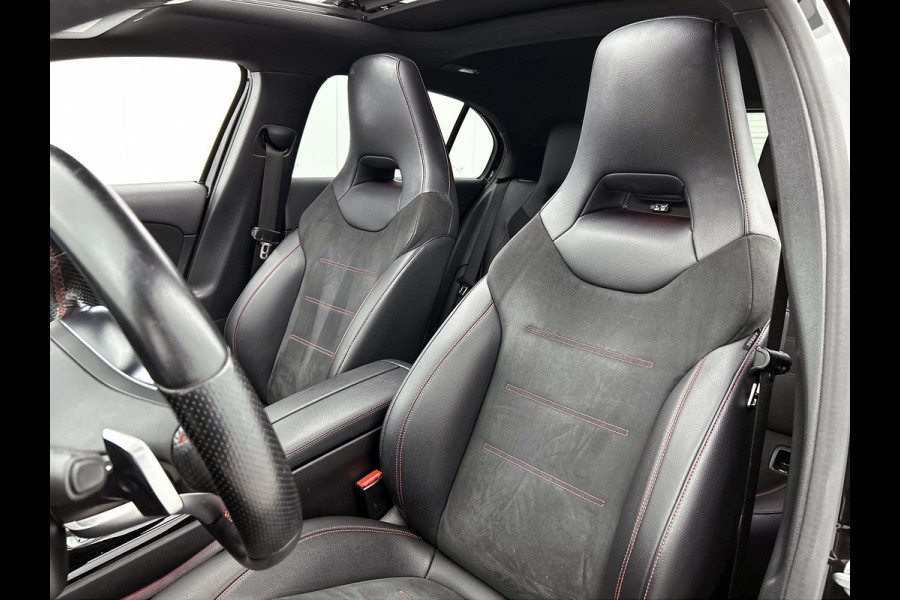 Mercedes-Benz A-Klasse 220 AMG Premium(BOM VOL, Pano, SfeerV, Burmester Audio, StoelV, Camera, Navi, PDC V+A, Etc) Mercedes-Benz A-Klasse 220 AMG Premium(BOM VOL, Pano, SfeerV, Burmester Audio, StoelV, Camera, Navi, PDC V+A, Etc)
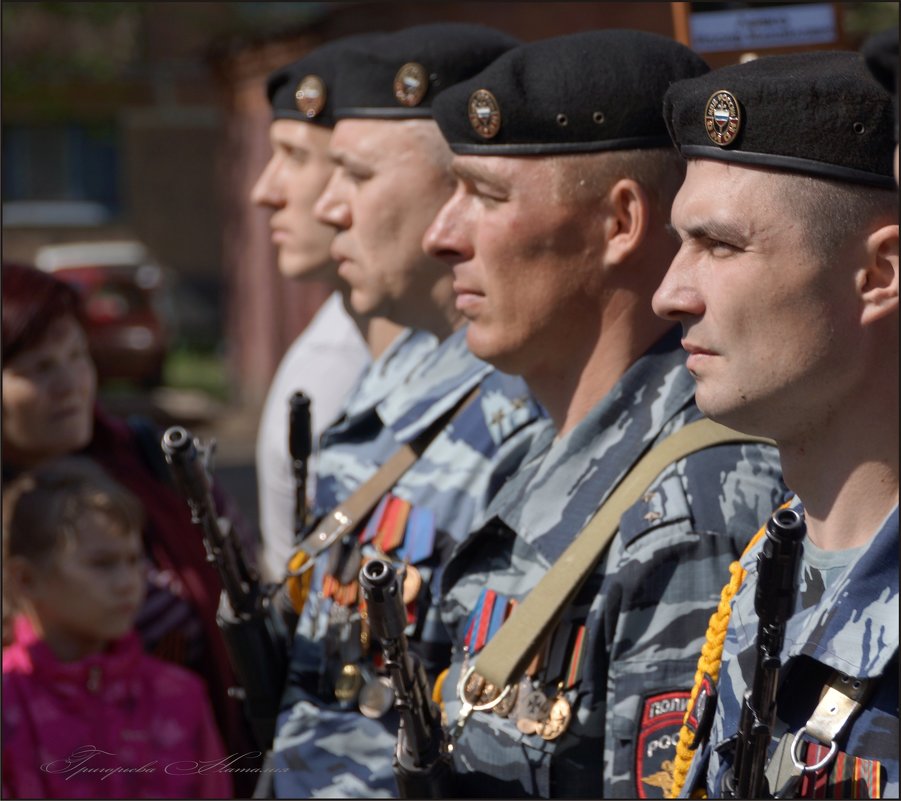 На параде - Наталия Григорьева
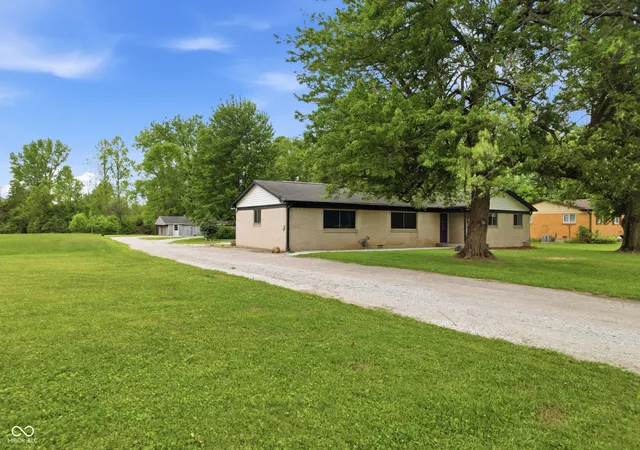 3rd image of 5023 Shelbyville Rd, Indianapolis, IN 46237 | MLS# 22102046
□ □ □ □ □ □ □
Exact repetition of the data is needed, with no images retained.

Answer section -
 Mercedes-Benz A-Klasse 220 AMG Premium(BOM VOL, Pano, SfeerV, Burmester Audio, StoelV, Camera, Navi, PDC V+A, Etc) Mercedes-Benz A-Klasse 220 AMG Premium(BOM VOL, Pano, SfeerV, Burmester Audio, StoelV, Camera, Navi, PDC V+A, Etc)
 На параде - Наталия Григорьева
 3rd image of 5023 Shelbyville Rd, Indianapolis, IN 46237 | MLS# 22102046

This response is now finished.